# Snell’s law

Snell’s law describes the relationship between the angles of incidence and refraction when a light wave passes from one medium into another with a different refractive index. According to Snell’s law, the ratio of the sine of the angle of incidence to the sine of the angle of refraction is constant and is equal to the ratio of the refractive indices of the two media. This law is fundamental in understanding how light bends, or refracts, when it enters a different medium. For example, when light passes from air (with a refractive index of approximately 1) into water (with a refractive index of about 1.33), it bends towards the normal due to the change in speed of light in the two different media.
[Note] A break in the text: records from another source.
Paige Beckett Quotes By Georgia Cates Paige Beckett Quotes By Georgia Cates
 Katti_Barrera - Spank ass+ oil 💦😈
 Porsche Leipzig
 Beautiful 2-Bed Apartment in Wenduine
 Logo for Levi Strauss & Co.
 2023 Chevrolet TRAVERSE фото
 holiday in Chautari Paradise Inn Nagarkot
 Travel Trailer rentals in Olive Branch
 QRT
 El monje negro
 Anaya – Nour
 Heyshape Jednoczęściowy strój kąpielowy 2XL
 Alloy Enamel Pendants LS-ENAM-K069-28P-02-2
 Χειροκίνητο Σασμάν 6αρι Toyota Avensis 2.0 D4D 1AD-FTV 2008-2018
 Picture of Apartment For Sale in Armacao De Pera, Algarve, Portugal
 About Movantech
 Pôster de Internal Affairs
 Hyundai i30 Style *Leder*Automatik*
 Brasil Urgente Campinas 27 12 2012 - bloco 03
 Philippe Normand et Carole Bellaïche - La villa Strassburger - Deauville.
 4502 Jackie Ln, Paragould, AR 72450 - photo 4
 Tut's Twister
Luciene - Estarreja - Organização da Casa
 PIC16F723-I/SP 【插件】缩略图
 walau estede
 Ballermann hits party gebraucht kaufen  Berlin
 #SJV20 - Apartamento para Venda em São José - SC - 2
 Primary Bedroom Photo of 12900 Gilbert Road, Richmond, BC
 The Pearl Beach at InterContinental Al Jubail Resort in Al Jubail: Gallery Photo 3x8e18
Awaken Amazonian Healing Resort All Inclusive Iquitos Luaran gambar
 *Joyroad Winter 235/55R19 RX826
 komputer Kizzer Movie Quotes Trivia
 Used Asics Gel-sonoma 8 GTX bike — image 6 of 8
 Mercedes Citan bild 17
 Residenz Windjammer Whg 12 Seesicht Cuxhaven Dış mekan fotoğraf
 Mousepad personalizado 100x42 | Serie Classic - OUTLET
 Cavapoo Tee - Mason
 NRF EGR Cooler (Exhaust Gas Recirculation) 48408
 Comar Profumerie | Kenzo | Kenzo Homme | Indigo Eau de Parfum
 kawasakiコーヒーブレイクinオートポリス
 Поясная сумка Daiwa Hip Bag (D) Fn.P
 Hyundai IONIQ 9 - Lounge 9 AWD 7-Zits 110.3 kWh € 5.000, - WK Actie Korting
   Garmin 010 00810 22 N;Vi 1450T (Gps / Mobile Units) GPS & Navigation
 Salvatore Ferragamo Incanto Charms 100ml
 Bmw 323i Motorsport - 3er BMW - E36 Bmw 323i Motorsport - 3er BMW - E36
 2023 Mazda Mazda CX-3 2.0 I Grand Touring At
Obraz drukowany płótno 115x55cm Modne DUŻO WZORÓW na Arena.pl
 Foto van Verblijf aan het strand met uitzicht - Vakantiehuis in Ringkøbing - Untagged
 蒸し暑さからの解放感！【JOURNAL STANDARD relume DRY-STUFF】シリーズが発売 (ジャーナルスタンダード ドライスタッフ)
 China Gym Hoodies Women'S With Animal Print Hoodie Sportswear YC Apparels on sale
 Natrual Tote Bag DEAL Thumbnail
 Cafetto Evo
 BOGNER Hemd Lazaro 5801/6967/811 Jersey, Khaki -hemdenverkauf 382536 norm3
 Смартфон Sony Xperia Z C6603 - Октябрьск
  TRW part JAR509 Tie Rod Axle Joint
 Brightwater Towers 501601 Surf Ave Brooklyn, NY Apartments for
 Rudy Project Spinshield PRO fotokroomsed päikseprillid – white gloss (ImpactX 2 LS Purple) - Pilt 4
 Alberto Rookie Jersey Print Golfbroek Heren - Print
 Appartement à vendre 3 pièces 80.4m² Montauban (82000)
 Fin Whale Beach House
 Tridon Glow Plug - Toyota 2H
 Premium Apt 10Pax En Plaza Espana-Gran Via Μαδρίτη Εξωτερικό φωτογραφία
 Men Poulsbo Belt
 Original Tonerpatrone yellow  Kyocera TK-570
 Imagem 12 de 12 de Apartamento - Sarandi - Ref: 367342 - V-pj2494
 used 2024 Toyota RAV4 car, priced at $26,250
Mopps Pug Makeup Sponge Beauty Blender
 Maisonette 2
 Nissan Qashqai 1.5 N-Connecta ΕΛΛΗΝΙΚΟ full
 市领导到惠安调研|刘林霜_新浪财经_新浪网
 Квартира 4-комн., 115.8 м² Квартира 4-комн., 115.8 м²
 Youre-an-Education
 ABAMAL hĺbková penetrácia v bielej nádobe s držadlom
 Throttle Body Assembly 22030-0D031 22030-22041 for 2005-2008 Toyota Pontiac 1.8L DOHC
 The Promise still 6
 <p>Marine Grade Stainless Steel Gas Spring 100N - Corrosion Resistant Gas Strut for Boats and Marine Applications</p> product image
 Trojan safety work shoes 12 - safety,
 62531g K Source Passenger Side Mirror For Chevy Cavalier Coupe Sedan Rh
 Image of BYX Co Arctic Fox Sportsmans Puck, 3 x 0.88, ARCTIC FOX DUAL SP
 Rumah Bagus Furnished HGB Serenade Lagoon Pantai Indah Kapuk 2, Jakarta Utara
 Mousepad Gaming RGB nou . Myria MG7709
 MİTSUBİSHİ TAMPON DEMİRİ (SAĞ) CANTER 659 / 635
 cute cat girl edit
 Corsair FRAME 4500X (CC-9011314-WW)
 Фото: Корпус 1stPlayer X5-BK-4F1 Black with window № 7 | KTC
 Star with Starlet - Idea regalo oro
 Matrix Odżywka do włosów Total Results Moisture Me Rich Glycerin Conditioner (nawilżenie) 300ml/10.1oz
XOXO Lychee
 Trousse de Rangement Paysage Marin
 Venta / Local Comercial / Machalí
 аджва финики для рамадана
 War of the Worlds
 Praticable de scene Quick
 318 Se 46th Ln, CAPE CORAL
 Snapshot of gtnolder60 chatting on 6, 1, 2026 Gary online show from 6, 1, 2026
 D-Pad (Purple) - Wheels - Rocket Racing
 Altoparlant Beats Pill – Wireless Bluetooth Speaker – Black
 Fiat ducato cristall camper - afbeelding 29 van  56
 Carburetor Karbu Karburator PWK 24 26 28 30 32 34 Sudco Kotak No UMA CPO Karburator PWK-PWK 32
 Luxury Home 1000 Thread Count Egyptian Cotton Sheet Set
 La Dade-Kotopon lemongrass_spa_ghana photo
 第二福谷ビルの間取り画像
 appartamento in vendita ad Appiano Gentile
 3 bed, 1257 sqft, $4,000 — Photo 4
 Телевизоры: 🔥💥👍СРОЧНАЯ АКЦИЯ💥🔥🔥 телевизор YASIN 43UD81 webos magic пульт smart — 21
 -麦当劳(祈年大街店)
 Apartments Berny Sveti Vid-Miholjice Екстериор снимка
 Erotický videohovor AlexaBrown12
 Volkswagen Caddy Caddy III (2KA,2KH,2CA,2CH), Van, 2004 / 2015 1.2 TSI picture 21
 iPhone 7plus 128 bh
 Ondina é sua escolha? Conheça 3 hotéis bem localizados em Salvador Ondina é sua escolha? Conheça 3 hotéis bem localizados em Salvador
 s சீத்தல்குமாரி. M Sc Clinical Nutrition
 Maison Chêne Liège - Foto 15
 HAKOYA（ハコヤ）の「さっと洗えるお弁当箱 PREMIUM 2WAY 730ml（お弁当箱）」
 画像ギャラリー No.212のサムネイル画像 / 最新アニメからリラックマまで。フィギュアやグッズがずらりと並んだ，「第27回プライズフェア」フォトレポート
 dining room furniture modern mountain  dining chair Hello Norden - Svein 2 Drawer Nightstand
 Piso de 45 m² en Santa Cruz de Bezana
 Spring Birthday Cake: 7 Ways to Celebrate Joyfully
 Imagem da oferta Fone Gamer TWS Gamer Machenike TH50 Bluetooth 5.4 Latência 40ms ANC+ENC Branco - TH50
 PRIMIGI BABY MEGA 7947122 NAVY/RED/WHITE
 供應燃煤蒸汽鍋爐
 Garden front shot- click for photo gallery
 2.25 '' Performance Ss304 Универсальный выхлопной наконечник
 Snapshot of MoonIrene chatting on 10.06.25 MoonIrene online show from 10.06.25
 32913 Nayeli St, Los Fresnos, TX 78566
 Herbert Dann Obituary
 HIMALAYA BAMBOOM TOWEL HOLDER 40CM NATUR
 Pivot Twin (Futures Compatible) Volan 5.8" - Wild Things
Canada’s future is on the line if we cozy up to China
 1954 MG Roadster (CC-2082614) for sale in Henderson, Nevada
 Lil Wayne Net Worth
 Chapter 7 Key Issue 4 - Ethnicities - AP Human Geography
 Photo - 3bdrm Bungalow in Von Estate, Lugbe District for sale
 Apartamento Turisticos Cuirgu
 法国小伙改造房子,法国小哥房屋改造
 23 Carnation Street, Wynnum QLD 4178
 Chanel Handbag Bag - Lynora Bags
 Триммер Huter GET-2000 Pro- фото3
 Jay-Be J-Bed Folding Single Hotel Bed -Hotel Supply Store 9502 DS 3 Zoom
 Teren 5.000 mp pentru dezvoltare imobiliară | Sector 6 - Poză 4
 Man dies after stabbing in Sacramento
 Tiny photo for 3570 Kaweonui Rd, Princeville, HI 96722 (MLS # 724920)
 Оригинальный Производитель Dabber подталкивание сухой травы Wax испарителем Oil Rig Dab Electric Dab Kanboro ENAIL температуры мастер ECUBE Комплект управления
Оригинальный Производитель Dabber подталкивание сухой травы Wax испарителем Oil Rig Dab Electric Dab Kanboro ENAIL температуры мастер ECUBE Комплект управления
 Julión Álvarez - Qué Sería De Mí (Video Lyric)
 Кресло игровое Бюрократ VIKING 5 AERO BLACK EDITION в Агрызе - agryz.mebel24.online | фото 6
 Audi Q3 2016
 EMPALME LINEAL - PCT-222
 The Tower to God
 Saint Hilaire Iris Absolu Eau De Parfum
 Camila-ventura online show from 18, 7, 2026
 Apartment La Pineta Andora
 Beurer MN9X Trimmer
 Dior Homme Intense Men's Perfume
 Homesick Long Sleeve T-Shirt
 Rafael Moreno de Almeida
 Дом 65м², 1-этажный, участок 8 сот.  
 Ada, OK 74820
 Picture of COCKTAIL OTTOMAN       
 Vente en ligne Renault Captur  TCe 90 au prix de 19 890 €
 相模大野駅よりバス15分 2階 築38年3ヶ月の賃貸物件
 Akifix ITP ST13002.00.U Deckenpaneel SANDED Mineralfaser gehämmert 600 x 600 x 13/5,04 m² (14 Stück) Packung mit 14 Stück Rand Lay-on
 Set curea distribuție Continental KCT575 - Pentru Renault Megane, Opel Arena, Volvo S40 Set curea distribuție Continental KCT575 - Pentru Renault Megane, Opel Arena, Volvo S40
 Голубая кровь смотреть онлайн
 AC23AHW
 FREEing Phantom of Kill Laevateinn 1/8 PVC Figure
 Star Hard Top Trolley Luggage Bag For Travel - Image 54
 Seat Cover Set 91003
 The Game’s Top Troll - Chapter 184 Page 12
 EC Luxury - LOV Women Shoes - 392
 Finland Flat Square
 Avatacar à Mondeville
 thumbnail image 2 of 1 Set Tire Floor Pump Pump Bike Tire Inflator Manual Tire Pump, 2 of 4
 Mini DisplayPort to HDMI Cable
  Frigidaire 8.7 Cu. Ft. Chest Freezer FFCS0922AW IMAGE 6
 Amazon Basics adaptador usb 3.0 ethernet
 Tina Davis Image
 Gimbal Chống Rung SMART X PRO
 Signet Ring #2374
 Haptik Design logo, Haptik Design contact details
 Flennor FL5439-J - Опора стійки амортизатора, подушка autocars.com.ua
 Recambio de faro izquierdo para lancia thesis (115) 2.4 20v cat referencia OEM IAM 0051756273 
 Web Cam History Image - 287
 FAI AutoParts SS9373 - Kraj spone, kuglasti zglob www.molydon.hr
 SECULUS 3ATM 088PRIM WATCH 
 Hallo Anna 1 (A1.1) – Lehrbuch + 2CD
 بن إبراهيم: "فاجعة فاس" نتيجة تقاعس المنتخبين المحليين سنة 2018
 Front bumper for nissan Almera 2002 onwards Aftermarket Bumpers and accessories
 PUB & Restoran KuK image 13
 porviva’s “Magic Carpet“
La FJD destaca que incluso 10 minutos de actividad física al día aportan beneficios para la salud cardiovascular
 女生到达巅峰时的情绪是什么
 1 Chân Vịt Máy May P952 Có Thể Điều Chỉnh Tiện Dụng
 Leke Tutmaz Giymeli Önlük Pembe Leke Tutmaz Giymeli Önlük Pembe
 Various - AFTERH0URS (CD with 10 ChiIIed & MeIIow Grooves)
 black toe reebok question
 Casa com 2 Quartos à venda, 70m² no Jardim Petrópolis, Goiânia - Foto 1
Snell’s law is mathematically expressed as:

$$n_{1}sin\theta_{1} = n_{2}sin\theta_{2}$$

where n1 and n2 are the refractive indices of the first and second media, respectively, and θ1 and θ2 are the angles of incidence and refraction, respectively.

Contents

## Practice problems

### Problem #1

A ray of light moving through medium 1 with a refractive index of 1 enters medium 2 with a refractive index of 1.33. If the angle of incidence is 30°, what is the angle of refraction?

Solution

Given data:

• Refractive index of medium 1, n1 = 1
• Refractive index of medium 2, n2 = 1.33
• Angle of incidence, θ1 = 30°
• Angle of refraction, θ2 = ?

Applying the formula:

• n1 sin θ1 = n2 sin θ2
• 1 × sin (30°) = 1.33 × sin θ2
• 1 × 0.5 = 1.33 × sin θ2
• 0.5 = 1.33 × sin θ2
• sin θ2 = 0.3759
• θ2 = sin-1 (0.3759)
• θ2 = 22.07°

Therefore, the angle of refraction is 22.07°.

### Problem #2

A laser beam traveling through medium 1 has an angle of incidence of θ1 = 40° and a refractive index of n1 = 1.33. If the angle of refraction is θ2 = 45°, calculate the refractive index of medium 2.

Solution

Given data:

• Angle of incidence, θ1 = 40°
• Refractive index of medium 1, n1 = 1.33
• Angle of refraction, θ2 = 45°
• Refractive index of medium 2, n2 = ?

Applying the formula:

• n1 sin θ1 = n2 sin θ2
• 1.33 × sin (40°) = n2 × sin (45°)
• 1.33 × 0.6427 = n2 × 0.7071
• n2 = 0.8547 ÷ 0.7071
• n2 = 1.20

Therefore, the refractive index of medium 2 is 1.20.

### Problem #3

A ray traveling through medium 1 with a refractive index of n1 = 1.3 enters medium 2 with a refractive index of n2 = 1.4. Calculate the angle of incidence if the angle of refraction is 25°.

Solution

Given data:

• Refractive index of medium 1, n1 = 1.3
• Refractive index of medium 2, n2 = 1.4
• Angle of incidence, θ1 = ?
• Angle of refraction, θ2 = 25°

Applying the formula:

• n1 sin θ1 = n2 sin θ2
• 1.3 × sin θ1 = 1.4 × sin (25°)
• 1.3 × sin θ1 = 1.4 × 0.4226
• 1.3 × sin θ1 = 0.5916
• sin θ1 = 0.5961 ÷ 1.3
• sin θ1 = 0.4585
• θ1 = sin-1 (0.4585)
• θ1 = 27.29°

Therefore, the angle of incidence is 27.29°.

### Problem #4

A light traveling through medium 1 with an unknown refractive index enters medium 2 with a refractive index of n2 = 1.2. If the angle of incidence is 20° and the angle of refraction is 35°, what is the refractive index of medium 1?

Solution

Given data:

• Refractive index of medium 2, n2 = 1.2
• Angle of incidence, θ1 = 20°
• Angle of refraction, θ2 = 35°
• Refractive index of medium 1, n1 = ?

Applying the formula:

• n1 sin θ1 = n2 sin θ2
• n1 × sin (20°) = 1.2 × sin (35°)
• n1 × 0.3420 = 1.2 × 0.5735
• n1 × 0.3420 = 0.6882
• n1 = 0.6882 ÷ 0.3420
• n1 = 2.01

Therefore, the refractive index of medium 1 is 2.01.